▸ Your goal
Return the data below exactly, minus the pictures.

▸ Records supplied
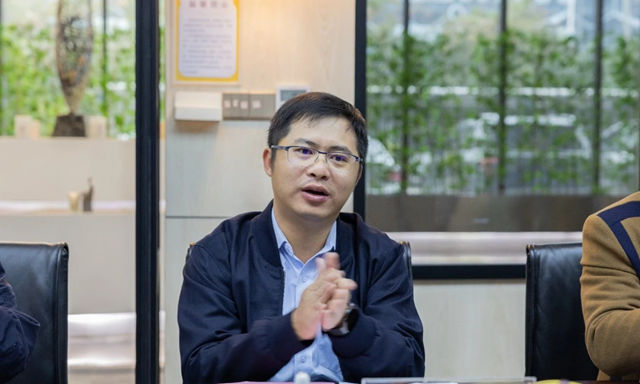 廣東(dong) 省塗料行業(ye) 協會(hui) 專(zhuan) 家組蒞臨(lin) 恒和永盛集團參觀指導
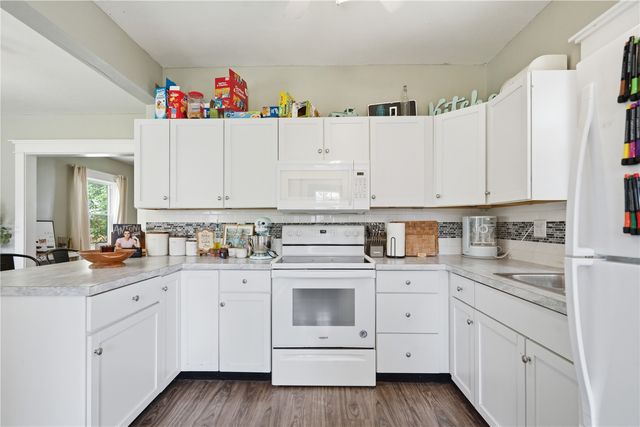 1547 Washington Ave SE, Cedar Rapids, IA 52403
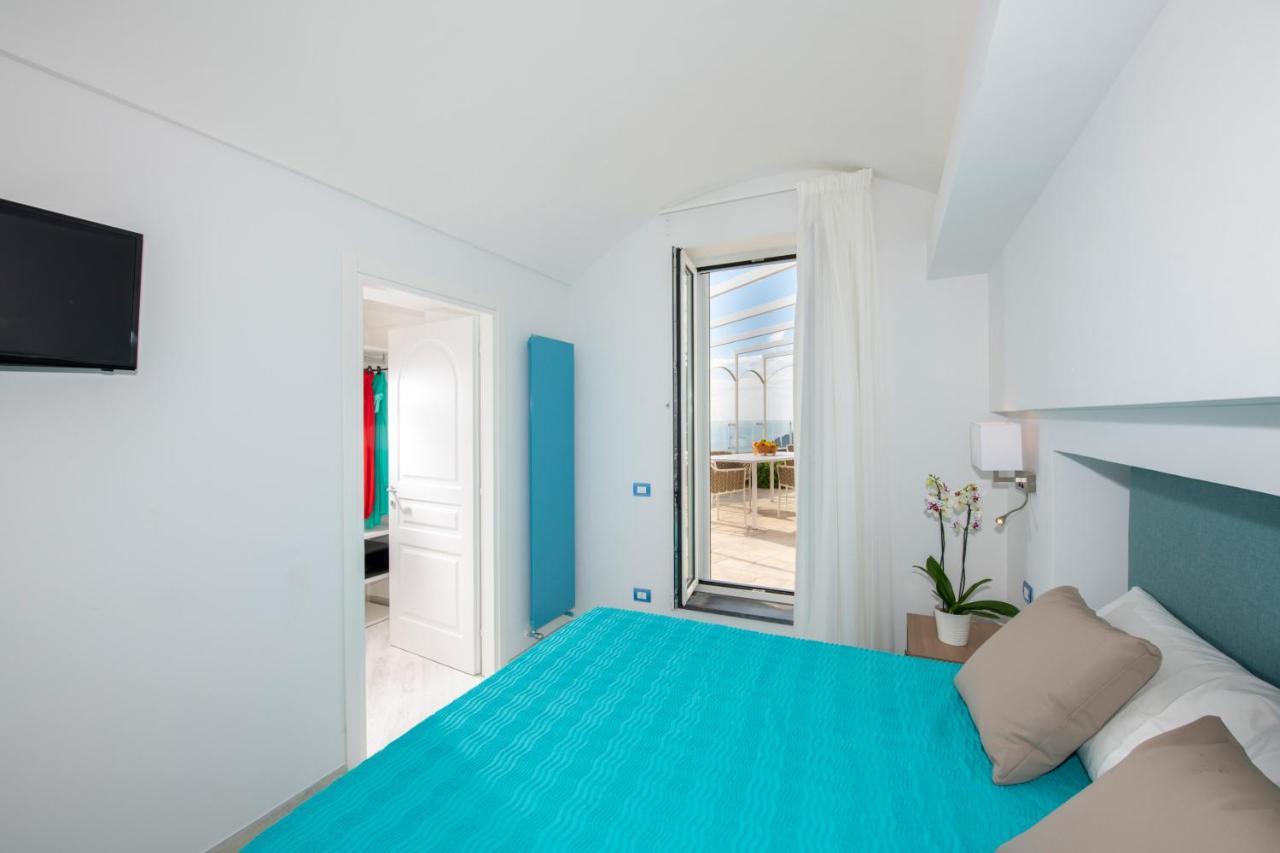 Villa La Tagliata Spectacular Jacuzzi Tub Amazing View And Private Parking Garage Positano Exterior foto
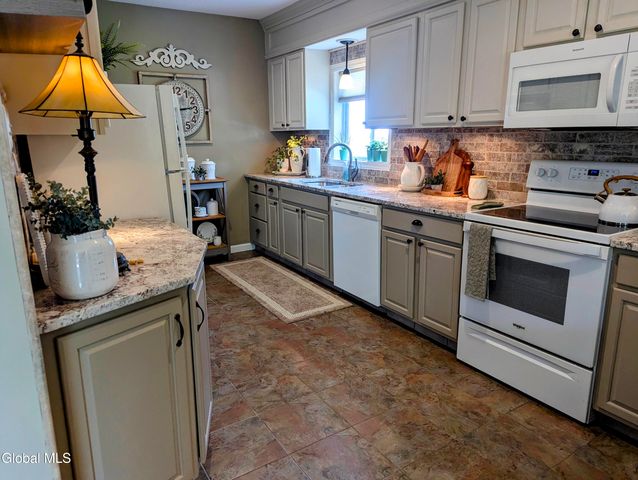 34 Van Heusen Street, Colonie, NY 12205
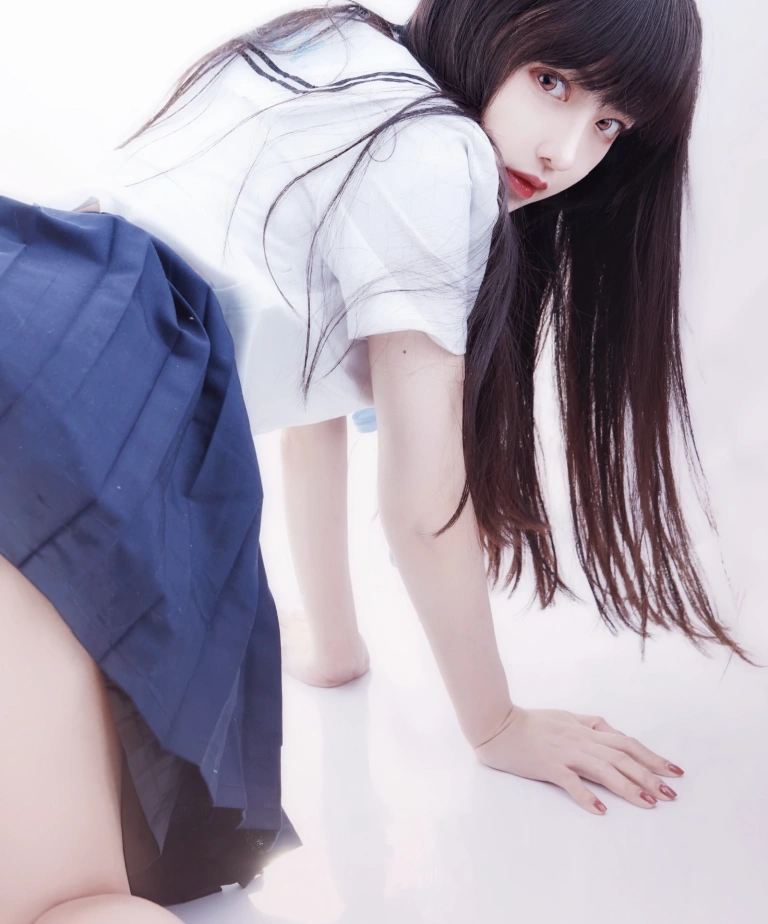 《JK学姐》｜Shika小鹿鹿 · 9张写真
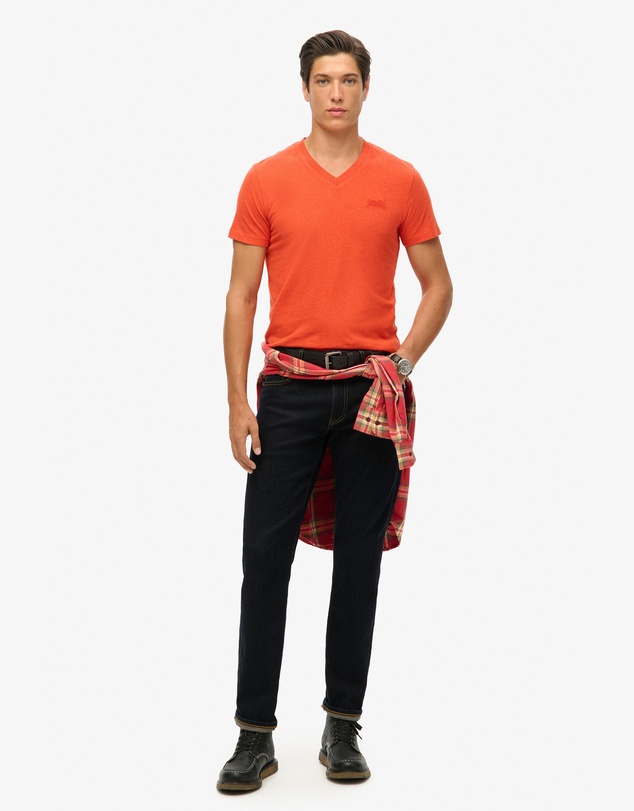 Superdry - Essential Logo Embroidered Vee Slim Fit Tee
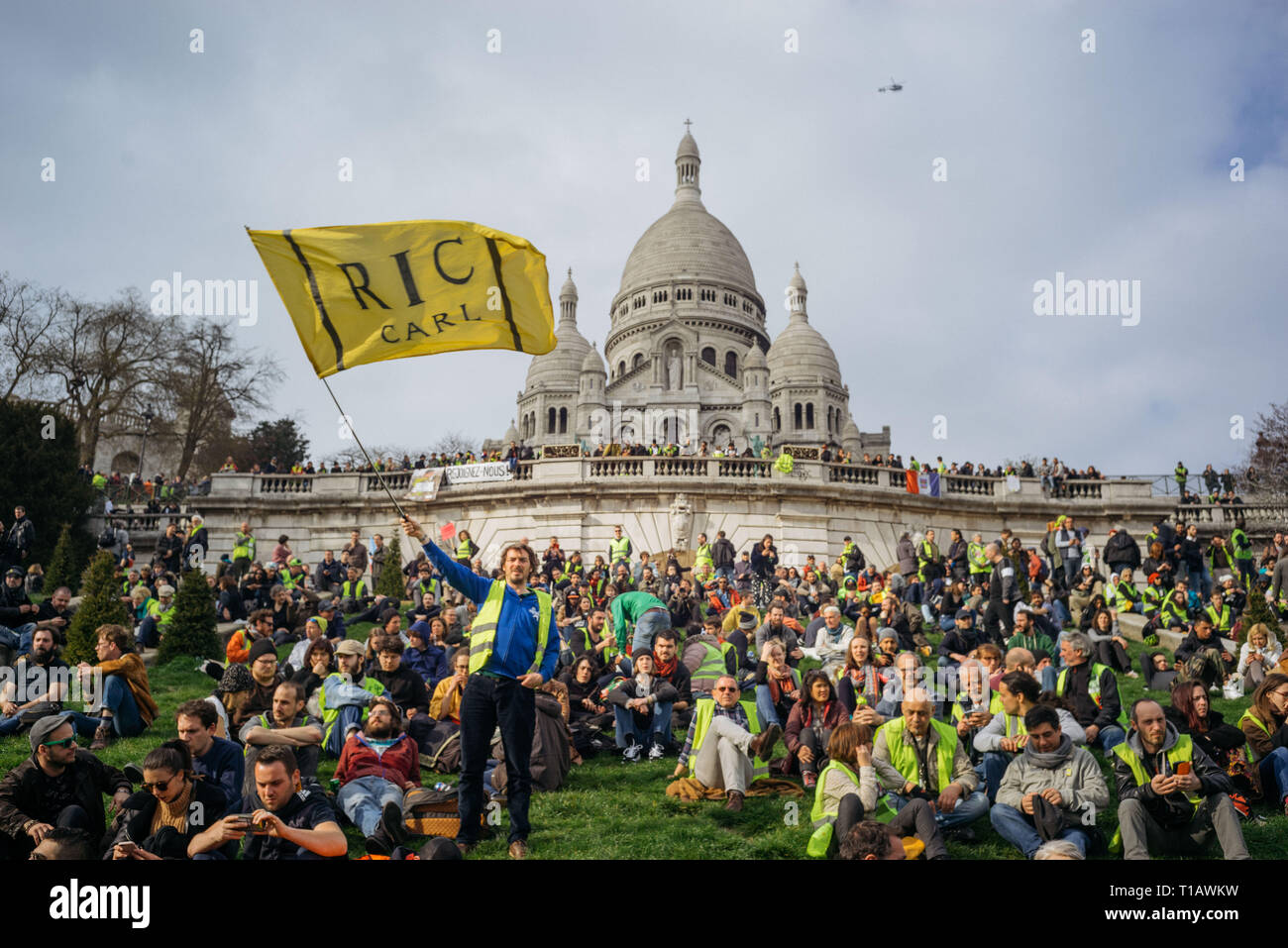 Paris, Ile de france, France. Mar 23, 2019. Les manifestants se rassemblent à la trace du Sacré Cœur à Montmartre. Au cours de la XIX Loi du gilet jaune, mouvement français manifestants se rassemblent à l'instar de basilic Sacré-Cœur, au nord de Paris. Credit : Joao Victor Novelleto/SOPA Images/ZUMA/Alamy Fil Live News Banque D'Images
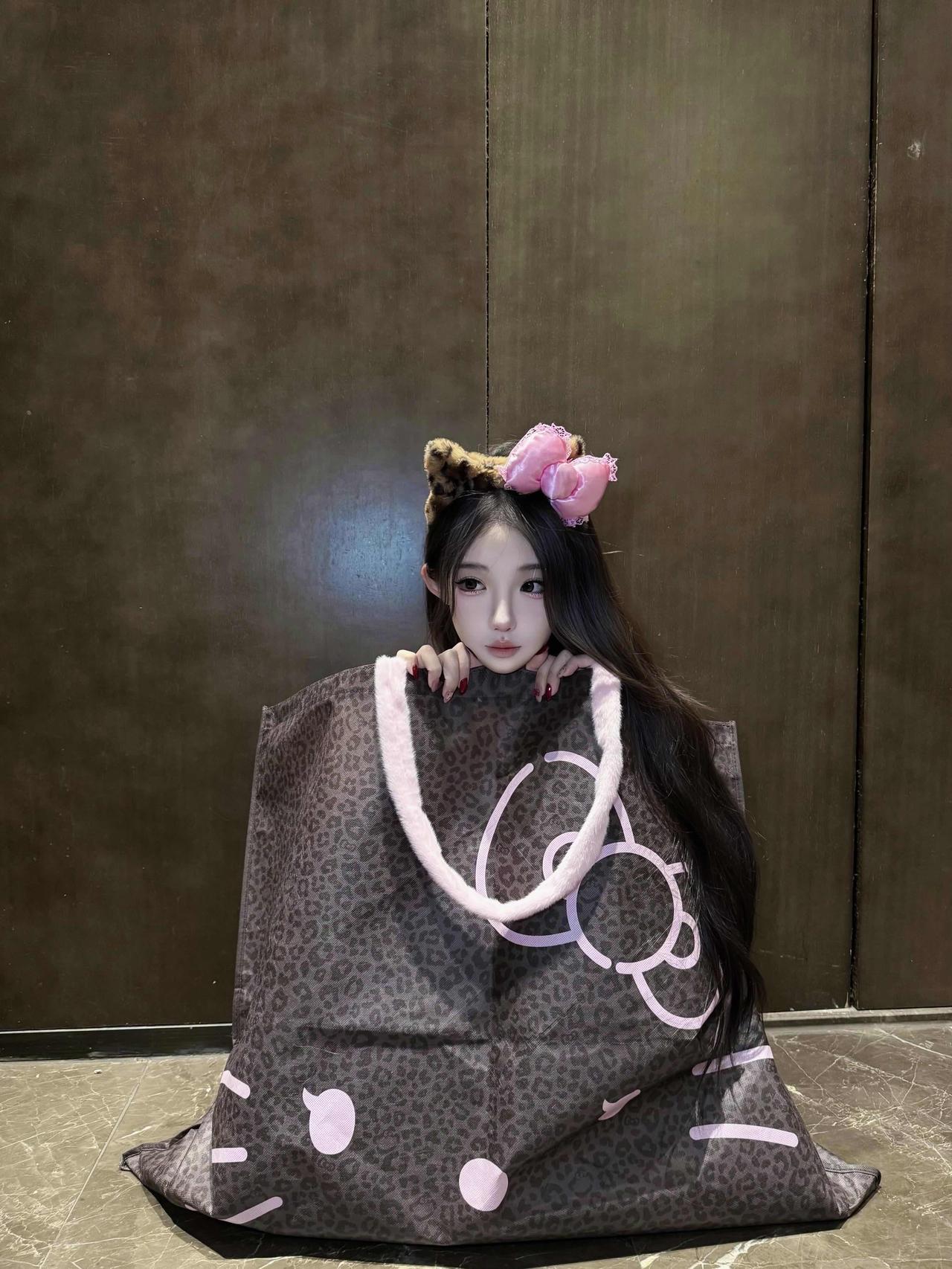 𝙃𝙚𝙡𝙡𝙤 𝙆𝙞𝙩𝙩𝙮 𝙠𝙞𝙩𝙩𝙮 🫧🐈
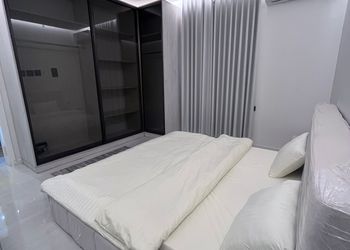 شقة بغرفة معيشة وغرفتين نوم 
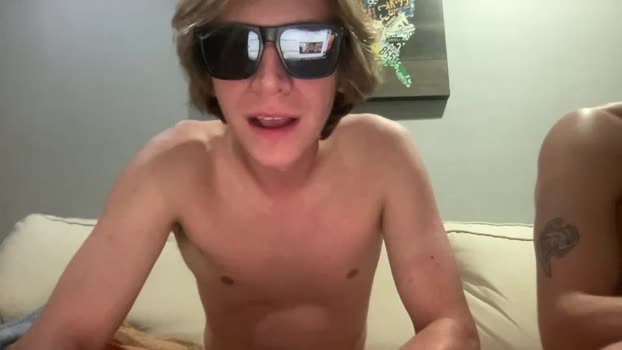 gavinnumbers analtoy Webcam SHOW @ Chaturbate 08-10-2025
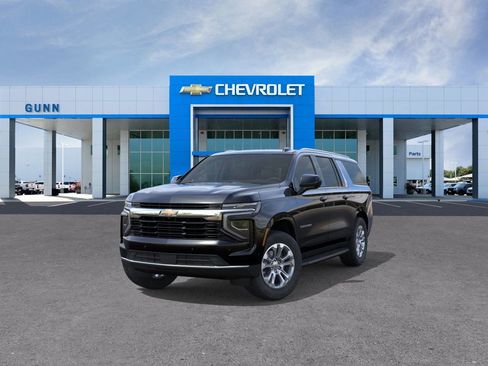New 2026 Chevrolet Suburban LS image 8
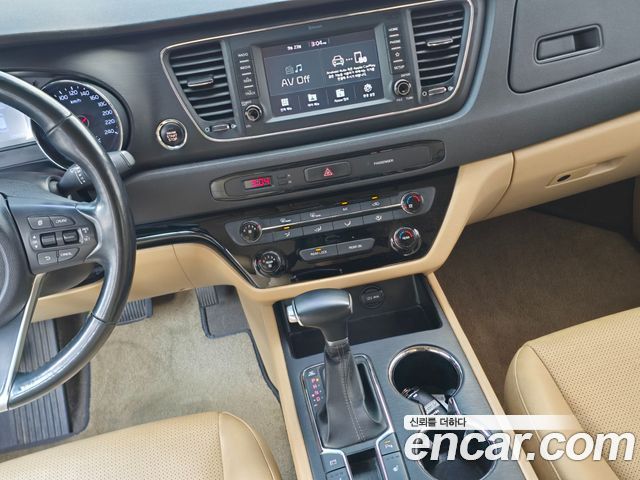 Kia Carnival 9-Seater Luxury 2019 — фото 20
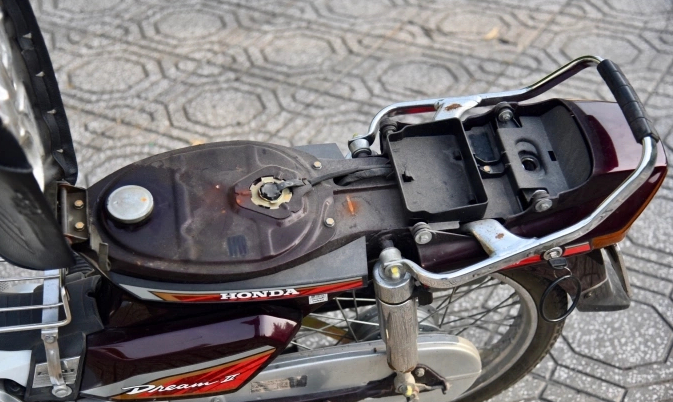 Cần làm gì với xe không hỗ trợ xăng E10?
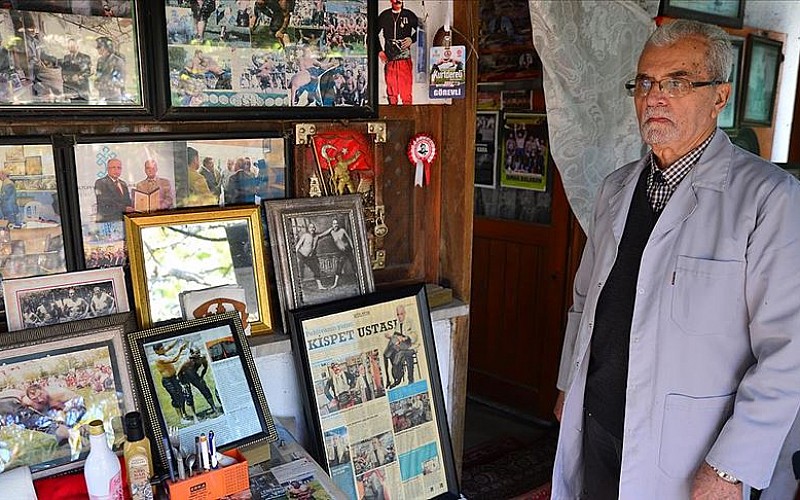 Er meydanındaki yiğitlerin 64 yıllık yol arkadaşı İrfan usta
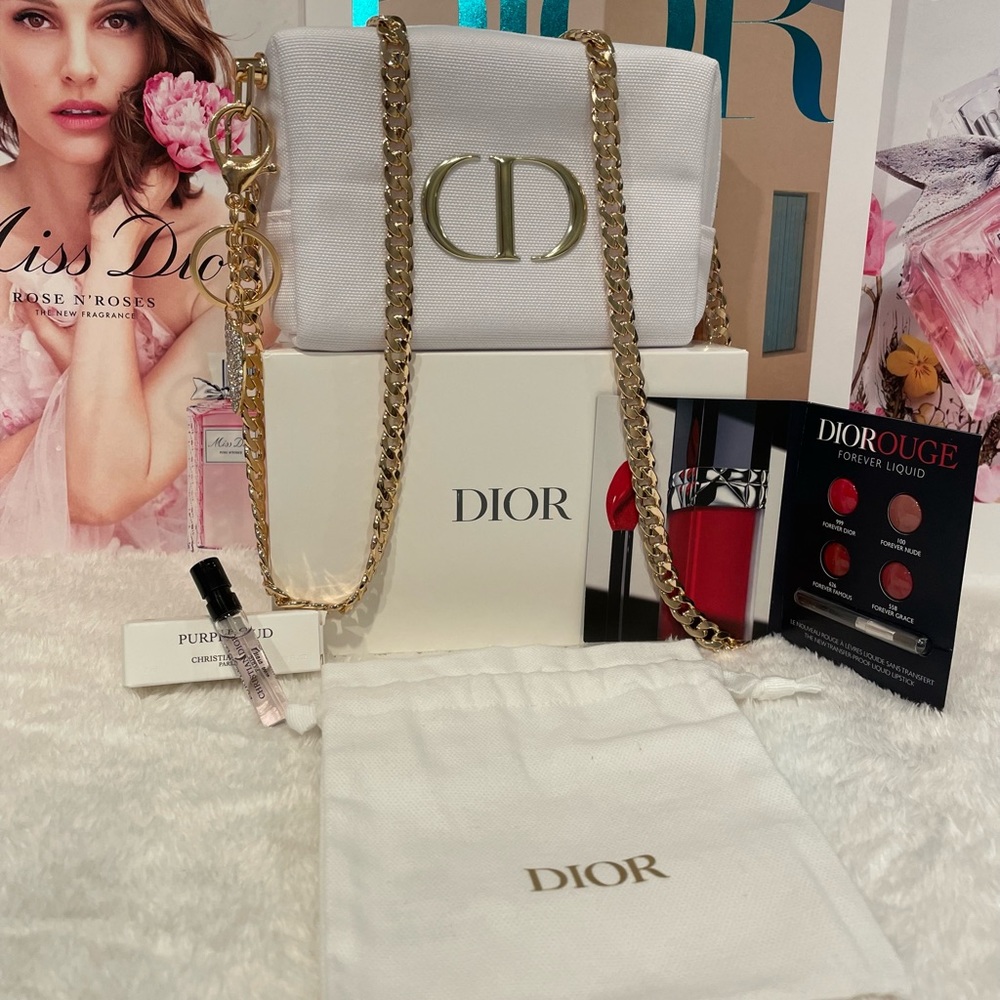 Dior Beauty White Pouch with FREE Sample !!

▸ Written response
 廣東(dong) 省塗料行業(ye) 協會(hui) 專(zhuan) 家組蒞臨(lin) 恒和永盛集團參觀指導
 1547 Washington Ave SE, Cedar Rapids, IA 52403
 Villa La Tagliata Spectacular Jacuzzi Tub Amazing View And Private Parking Garage Positano Exterior foto
 34 Van Heusen Street, Colonie, NY 12205
 《JK学姐》｜Shika小鹿鹿 · 9张写真
 Superdry - Essential Logo Embroidered Vee Slim Fit Tee
 Paris, Ile de france, France. Mar 23, 2019. Les manifestants se rassemblent à la trace du Sacré Cœur à Montmartre. Au cours de la XIX Loi du gilet jaune, mouvement français manifestants se rassemblent à l'instar de basilic Sacré-Cœur, au nord de Paris. Credit : Joao Victor Novelleto/SOPA Images/ZUMA/Alamy Fil Live News Banque D'Images
 𝙃𝙚𝙡𝙡𝙤 𝙆𝙞𝙩𝙩𝙮 𝙠𝙞𝙩𝙩𝙮 🫧🐈
 شقة بغرفة معيشة وغرفتين نوم 
 gavinnumbers analtoy Webcam SHOW @ Chaturbate 08-10-2025
New 2026 Chevrolet Suburban LS image 8
 Kia Carnival 9-Seater Luxury 2019 — фото 20
 Cần làm gì với xe không hỗ trợ xăng E10?
 Er meydanındaki yiğitlerin 64 yıllık yol arkadaşı İrfan usta
 Dior Beauty White Pouch with FREE Sample !!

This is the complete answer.